● **WORK TO COMPLETE**: Line by line, write out the material exactly.

● **DATA PROVIDED**:
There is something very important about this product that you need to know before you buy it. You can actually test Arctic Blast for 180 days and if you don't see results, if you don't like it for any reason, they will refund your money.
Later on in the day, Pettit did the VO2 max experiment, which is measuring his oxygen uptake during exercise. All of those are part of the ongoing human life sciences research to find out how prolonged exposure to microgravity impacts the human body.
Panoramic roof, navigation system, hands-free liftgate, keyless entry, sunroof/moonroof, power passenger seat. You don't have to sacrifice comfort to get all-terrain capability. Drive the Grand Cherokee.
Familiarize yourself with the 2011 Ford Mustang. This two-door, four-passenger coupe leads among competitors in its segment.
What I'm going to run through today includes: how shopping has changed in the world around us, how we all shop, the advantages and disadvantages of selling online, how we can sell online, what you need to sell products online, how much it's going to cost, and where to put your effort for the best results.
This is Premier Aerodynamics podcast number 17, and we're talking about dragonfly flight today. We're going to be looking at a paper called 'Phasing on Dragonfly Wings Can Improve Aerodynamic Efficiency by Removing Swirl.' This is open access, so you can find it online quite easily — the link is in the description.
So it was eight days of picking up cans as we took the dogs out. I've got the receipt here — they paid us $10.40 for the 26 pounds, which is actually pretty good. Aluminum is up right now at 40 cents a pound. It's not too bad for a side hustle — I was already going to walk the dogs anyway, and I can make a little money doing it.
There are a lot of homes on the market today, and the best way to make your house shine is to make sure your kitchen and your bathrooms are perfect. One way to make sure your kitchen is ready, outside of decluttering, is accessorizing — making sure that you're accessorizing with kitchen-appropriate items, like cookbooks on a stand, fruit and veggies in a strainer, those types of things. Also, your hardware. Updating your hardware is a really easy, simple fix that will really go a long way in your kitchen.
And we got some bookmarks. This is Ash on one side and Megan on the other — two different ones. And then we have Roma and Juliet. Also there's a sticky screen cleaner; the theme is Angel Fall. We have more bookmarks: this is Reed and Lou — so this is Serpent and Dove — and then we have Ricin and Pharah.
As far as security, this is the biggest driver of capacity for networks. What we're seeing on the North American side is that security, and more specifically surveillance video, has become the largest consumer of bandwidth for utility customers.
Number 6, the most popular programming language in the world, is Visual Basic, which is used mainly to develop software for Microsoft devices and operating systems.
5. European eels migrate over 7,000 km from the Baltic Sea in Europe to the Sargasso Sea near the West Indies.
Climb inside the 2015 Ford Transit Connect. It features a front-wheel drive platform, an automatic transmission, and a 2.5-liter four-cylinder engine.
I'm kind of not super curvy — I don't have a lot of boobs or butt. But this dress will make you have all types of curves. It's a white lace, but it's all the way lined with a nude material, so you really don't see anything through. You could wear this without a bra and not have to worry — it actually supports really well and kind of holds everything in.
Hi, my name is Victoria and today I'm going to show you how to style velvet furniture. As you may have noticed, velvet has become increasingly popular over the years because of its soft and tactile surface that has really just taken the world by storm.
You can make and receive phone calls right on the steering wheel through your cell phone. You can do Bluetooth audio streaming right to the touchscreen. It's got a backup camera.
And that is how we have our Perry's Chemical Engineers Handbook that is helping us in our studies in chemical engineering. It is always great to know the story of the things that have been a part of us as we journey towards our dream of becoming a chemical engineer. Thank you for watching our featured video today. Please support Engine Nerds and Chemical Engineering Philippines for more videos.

● **RESULT FOR THIS TASK**:
There is something very important about this product that you need to know before you buy it. You can actually test Arctic Blast for 180 days and if you don't see results, if you don't like it for any reason, they will refund your money.
Later on in the day, Pettit did the VO2 max experiment, which is measuring his oxygen uptake during exercise. All of those are part of the ongoing human life sciences research to find out how prolonged exposure to microgravity impacts the human body.
Panoramic roof, navigation system, hands-free liftgate, keyless entry, sunroof/moonroof, power passenger seat. You don't have to sacrifice comfort to get all-terrain capability. Drive the Grand Cherokee.
Familiarize yourself with the 2011 Ford Mustang. This two-door, four-passenger coupe leads among competitors in its segment.
What I'm going to run through today includes: how shopping has changed in the world around us, how we all shop, the advantages and disadvantages of selling online, how we can sell online, what you need to sell products online, how much it's going to cost, and where to put your effort for the best results.
This is Premier Aerodynamics podcast number 17, and we're talking about dragonfly flight today. We're going to be looking at a paper called 'Phasing on Dragonfly Wings Can Improve Aerodynamic Efficiency by Removing Swirl.' This is open access, so you can find it online quite easily — the link is in the description.
So it was eight days of picking up cans as we took the dogs out. I've got the receipt here — they paid us $10.40 for the 26 pounds, which is actually pretty good. Aluminum is up right now at 40 cents a pound. It's not too bad for a side hustle — I was already going to walk the dogs anyway, and I can make a little money doing it.
There are a lot of homes on the market today, and the best way to make your house shine is to make sure your kitchen and your bathrooms are perfect. One way to make sure your kitchen is ready, outside of decluttering, is accessorizing — making sure that you're accessorizing with kitchen-appropriate items, like cookbooks on a stand, fruit and veggies in a strainer, those types of things. Also, your hardware. Updating your hardware is a really easy, simple fix that will really go a long way in your kitchen.
And we got some bookmarks. This is Ash on one side and Megan on the other — two different ones. And then we have Roma and Juliet. Also there's a sticky screen cleaner; the theme is Angel Fall. We have more bookmarks: this is Reed and Lou — so this is Serpent and Dove — and then we have Ricin and Pharah.
As far as security, this is the biggest driver of capacity for networks. What we're seeing on the North American side is that security, and more specifically surveillance video, has become the largest consumer of bandwidth for utility customers.
Number 6, the most popular programming language in the world, is Visual Basic, which is used mainly to develop software for Microsoft devices and operating systems.
5. European eels migrate over 7,000 km from the Baltic Sea in Europe to the Sargasso Sea near the West Indies.
Climb inside the 2015 Ford Transit Connect. It features a front-wheel drive platform, an automatic transmission, and a 2.5-liter four-cylinder engine.
I'm kind of not super curvy — I don't have a lot of boobs or butt. But this dress will make you have all types of curves. It's a white lace, but it's all the way lined with a nude material, so you really don't see anything through. You could wear this without a bra and not have to worry — it actually supports really well and kind of holds everything in.
Hi, my name is Victoria and today I'm going to show you how to style velvet furniture. As you may have noticed, velvet has become increasingly popular over the years because of its soft and tactile surface that has really just taken the world by storm.
You can make and receive phone calls right on the steering wheel through your cell phone. You can do Bluetooth audio streaming right to the touchscreen. It's got a backup camera.
And that is how we have our Perry's Chemical Engineers Handbook that is helping us in our studies in chemical engineering. It is always great to know the story of the things that have been a part of us as we journey towards our dream of becoming a chemical engineer. Thank you for watching our featured video today. Please support Engine Nerds and Chemical Engineering Philippines for more videos.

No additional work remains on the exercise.